**Work request:**
Starting at the line containing "Stretch Seersucker Cropped Trousers | Black" and ending at the line containing "Watercolor Daisies and", transcribe the listing below exactly. Keep both end lines, skip the pictures, and copy nothing else.

**Source records:**
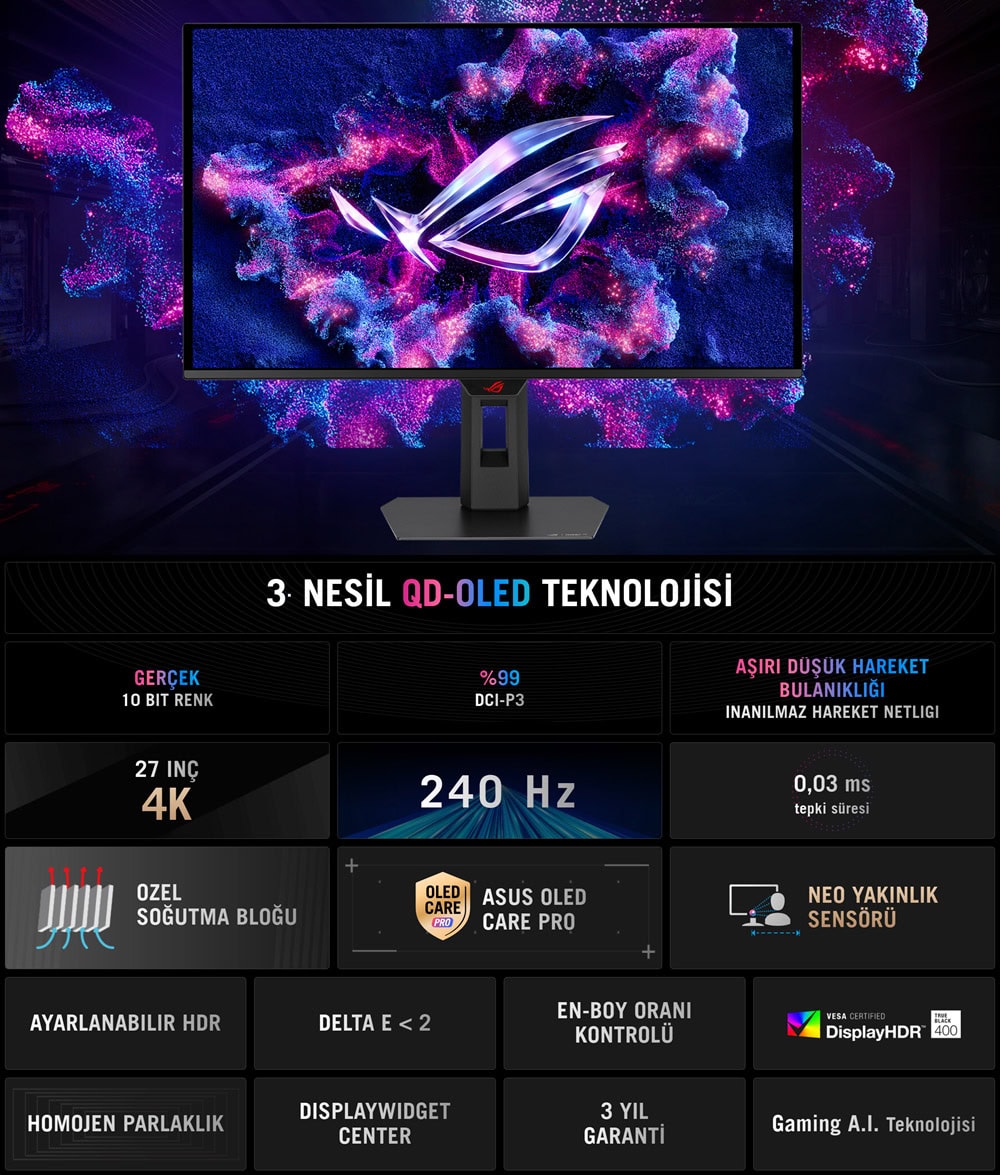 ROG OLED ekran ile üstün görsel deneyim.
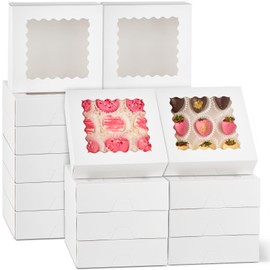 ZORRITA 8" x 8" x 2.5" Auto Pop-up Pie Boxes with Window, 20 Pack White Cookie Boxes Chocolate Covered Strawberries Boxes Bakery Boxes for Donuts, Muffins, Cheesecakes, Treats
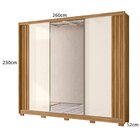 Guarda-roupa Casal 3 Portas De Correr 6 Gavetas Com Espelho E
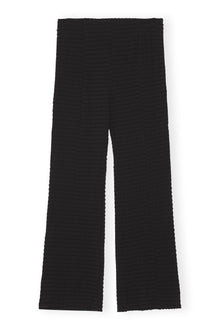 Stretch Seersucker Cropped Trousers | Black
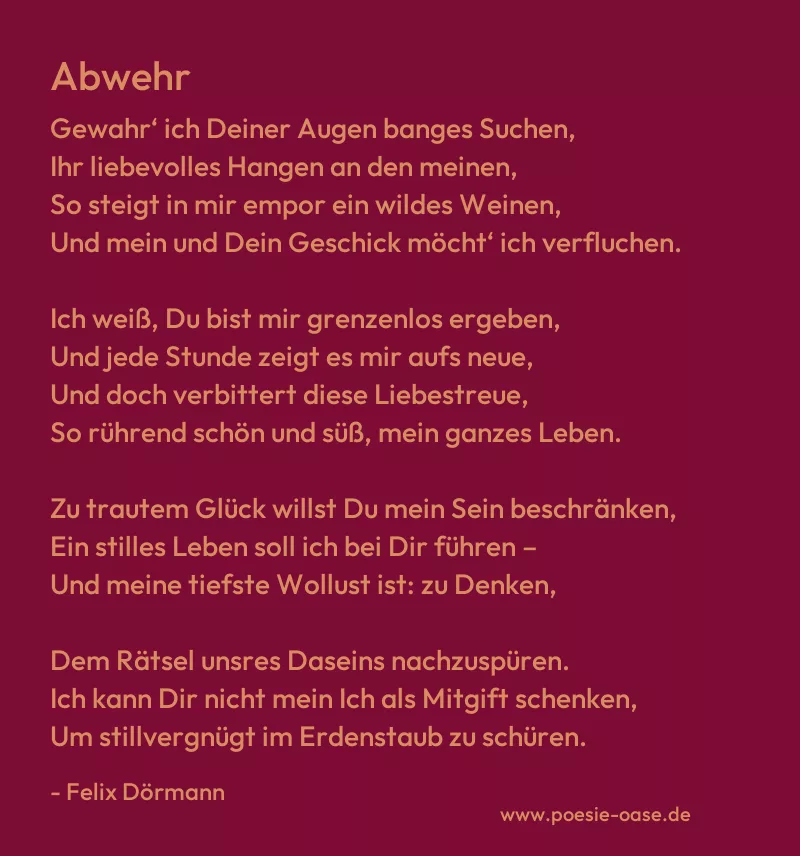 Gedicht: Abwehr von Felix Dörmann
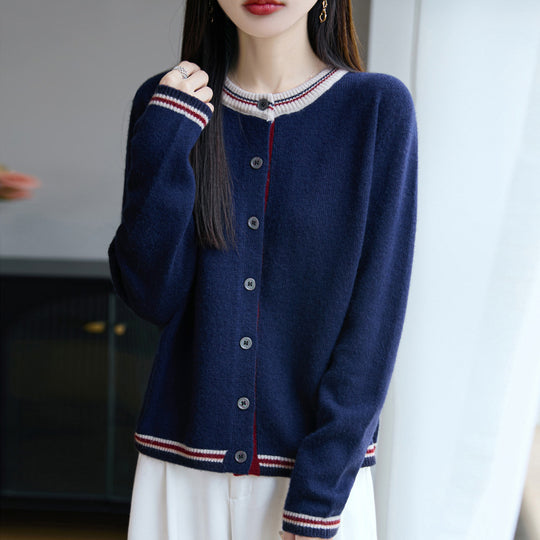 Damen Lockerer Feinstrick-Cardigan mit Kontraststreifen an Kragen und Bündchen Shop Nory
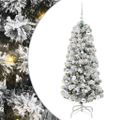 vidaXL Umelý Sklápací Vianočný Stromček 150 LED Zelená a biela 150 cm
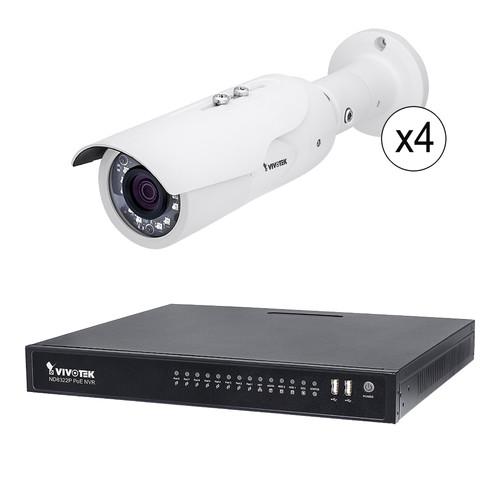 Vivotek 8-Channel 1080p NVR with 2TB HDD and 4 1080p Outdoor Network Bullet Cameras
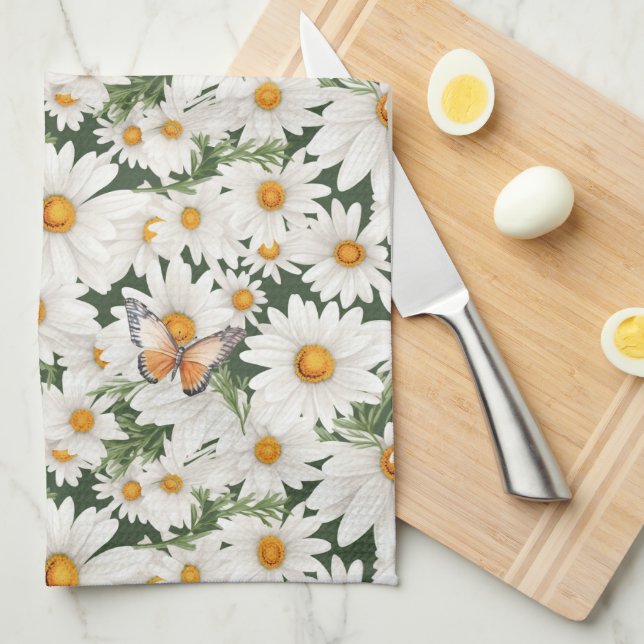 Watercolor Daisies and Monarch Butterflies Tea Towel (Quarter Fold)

...

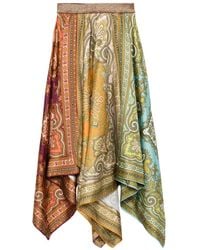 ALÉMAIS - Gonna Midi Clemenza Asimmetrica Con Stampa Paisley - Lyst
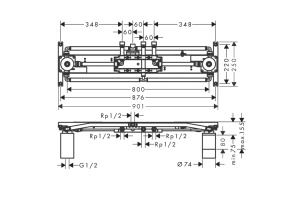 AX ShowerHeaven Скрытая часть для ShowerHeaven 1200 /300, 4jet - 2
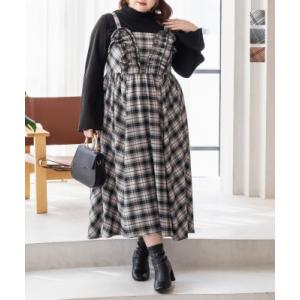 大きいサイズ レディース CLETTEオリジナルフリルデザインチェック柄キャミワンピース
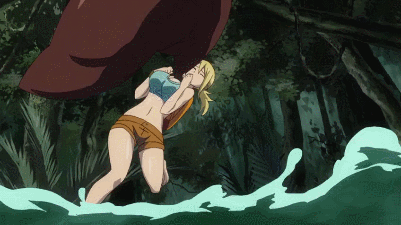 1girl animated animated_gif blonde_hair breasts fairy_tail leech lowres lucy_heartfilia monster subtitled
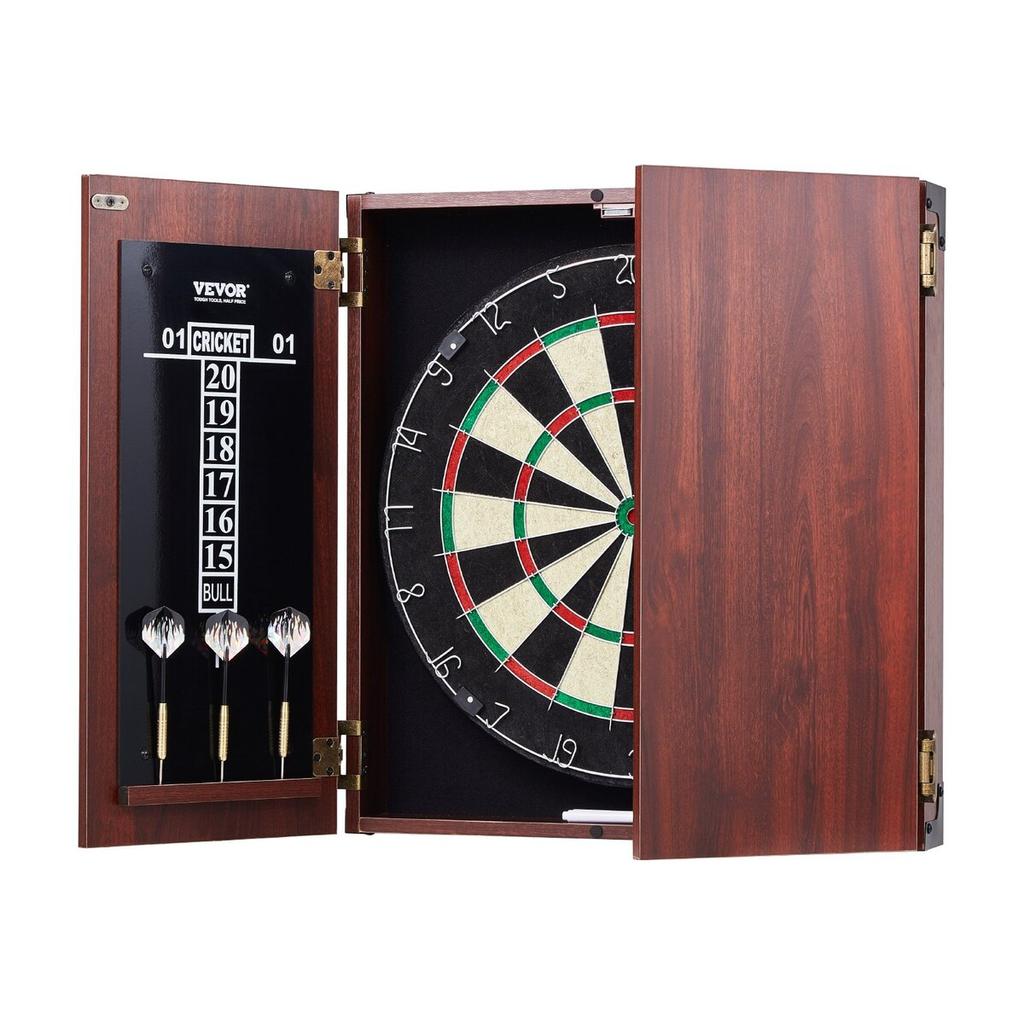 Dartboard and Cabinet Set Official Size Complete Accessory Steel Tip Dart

**Answer box:**
 Stretch Seersucker Cropped Trousers | Black
 Gedicht: Abwehr von Felix Dörmann
 Damen Lockerer Feinstrick-Cardigan mit Kontraststreifen an Kragen und Bündchen Shop Nory
 vidaXL Umelý Sklápací Vianočný Stromček 150 LED Zelená a biela 150 cm
 Vivotek 8-Channel 1080p NVR with 2TB HDD and 4 1080p Outdoor Network Bullet Cameras
 Watercolor Daisies and Monarch Butterflies Tea Towel (Quarter Fold)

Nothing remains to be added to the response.